岡目八目
(1)浮世絵に活写された囲碁
(寄稿連載 2012/11/20読売新聞掲載)◇わらしな・みつはる
囲碁と浮世絵という異なる伝統文化の意外な結びつきについてつづった「浮世絵に映える囲碁文化」(日本評論社)を、この10月に上梓(じょうし)しました。
この本を書いたそもそものきっかけは、日本棋院の浮世絵カレンダーでした。このカレンダーは、源氏絵、武者絵、役者絵、そして美人画など、それぞれの特色を生かしながら厚い和紙に美しく映え、しっとりとした優雅な雰囲気に仕上がっています。
昨年秋、碁会関係者などの協力のもとに大震災で大きな被害を受けた東北3県に碁盤セットを贈りました。その支援活動を積極的にサポートしてくれた方々にこのカレンダーをお送りしたところ、すべての方から「異なる伝統文化の結合」に対する驚嘆と感動の思いを語る手紙やメールをいただいたのです。
囲碁文化は、古来、「琴棋書画」として優雅の代名詞とされてきました。
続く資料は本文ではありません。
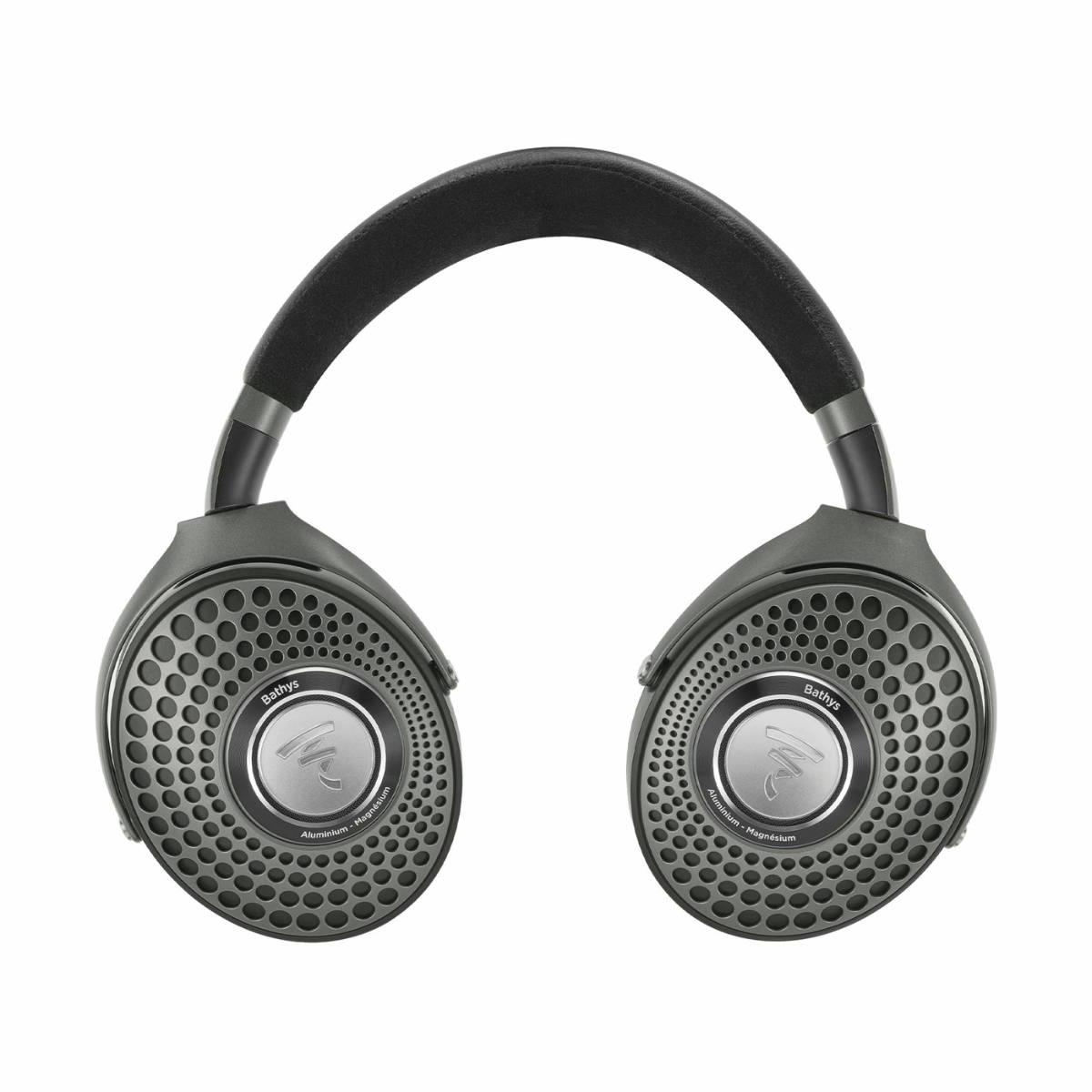 Tai nghe Focal Headphone Bathys BT ANC - Hình 3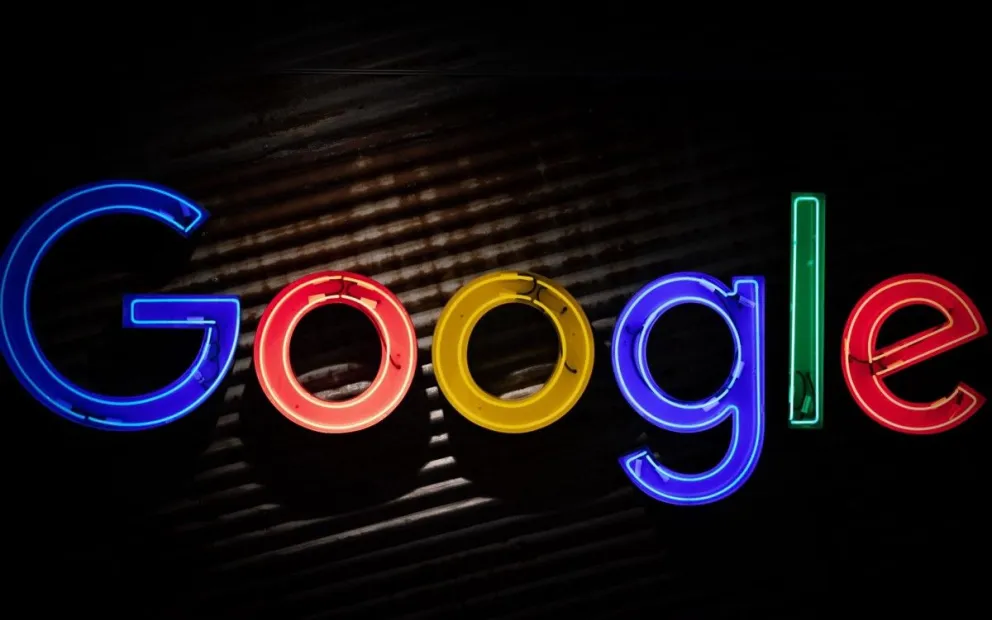 google-core-update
今回の体験を踏まえ改めて浮世絵を見直してみますと、囲碁文化は、まさに絵画のモチーフとしての特性と輝きを持って、源氏絵、武者絵、役者絵、そして美人画などに登場していることがわかりました。
源氏絵で有名な三代歌川豊国は「源氏香の図 空蝉(うつせみ)」、外国人まで驚かせた葛飾北斎は「碁盤人形」、美人画の巨匠喜多川歌麿は「琴碁書画(きんきしょが)」と、浮世絵界を代表する巨人たちが、さまざまな形で囲碁の場面を活写していることに驚かされます。
それほどに囲碁が庶民に親しまれ、碁盤、碁石、碁笥(ごけ)などがその場の雰囲気をより高めるための格好なアイテムとして、浮世絵師の創作意欲を刺激したのではないでしょうか。